Owing to their excellent
mixed-ionic and electronic conductivity,
fast oxygen kinetics, and cost efficiency, layered oxygen-deficient
perovskite oxides hold great potential as highly efficient cathodes
for solid oxide fuel cells and anodes for water oxidation. Under working
conditions, cation ordering is believed to substantially enhance oxygen
diffusion while maintaining structural stability owing to the formation
of double perovskite (DP), thus attracting extensive research attention.
In contrast, the incorporation of oxygen vacancies and the associated
vacancy ordering have rarely been studied at the atomic scale, despite
their decisive roles in regulating the electronic and spin structures
as well as in differentiating the crystal structure from DP. Here,
atomic-resolution transmission electron microscopy is used to directly
image oxygen vacancies and measure their concentration in (Pr,Ba)CoO3‑δ films grown on SrTiO3 substrates.
We find that accompanied by the presence of oxygen vacancy ordering
at Co–O planes, the A–O (A = Pr/Ba) planes also exhibit
a breathing-like lattice modulation.
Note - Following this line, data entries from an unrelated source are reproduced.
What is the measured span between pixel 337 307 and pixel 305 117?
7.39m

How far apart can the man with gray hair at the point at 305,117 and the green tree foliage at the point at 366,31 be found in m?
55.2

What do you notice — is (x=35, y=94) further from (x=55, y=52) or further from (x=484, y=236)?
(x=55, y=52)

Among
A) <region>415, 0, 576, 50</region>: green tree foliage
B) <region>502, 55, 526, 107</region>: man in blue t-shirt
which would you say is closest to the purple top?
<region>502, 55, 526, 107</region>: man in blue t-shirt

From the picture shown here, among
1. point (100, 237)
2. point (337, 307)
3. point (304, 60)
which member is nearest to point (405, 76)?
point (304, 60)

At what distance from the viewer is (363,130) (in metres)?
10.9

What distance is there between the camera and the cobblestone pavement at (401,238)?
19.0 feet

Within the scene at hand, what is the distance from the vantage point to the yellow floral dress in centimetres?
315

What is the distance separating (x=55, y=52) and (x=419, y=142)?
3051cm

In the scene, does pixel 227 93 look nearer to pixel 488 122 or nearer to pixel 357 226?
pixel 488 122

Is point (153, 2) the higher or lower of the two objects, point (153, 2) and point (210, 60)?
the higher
Specifically, as confirmed by
first-principle calculations, the AO–AO interplanar spacings
are found to be linearly correlated with the vacancy concentration
in the enclosing Co–O planes. On this basis, potential consequences
of oxygen occupancy for the catalytic properties of structurally pure
PBCO phases are discussed. Through establishing a simple correlation
of oxygen concentration with the easily achievable lattice measurement,
our results pave a way for better understanding the structure–performance
relationship of oxygen-deficient complex cobaltites used for electrocatalysis.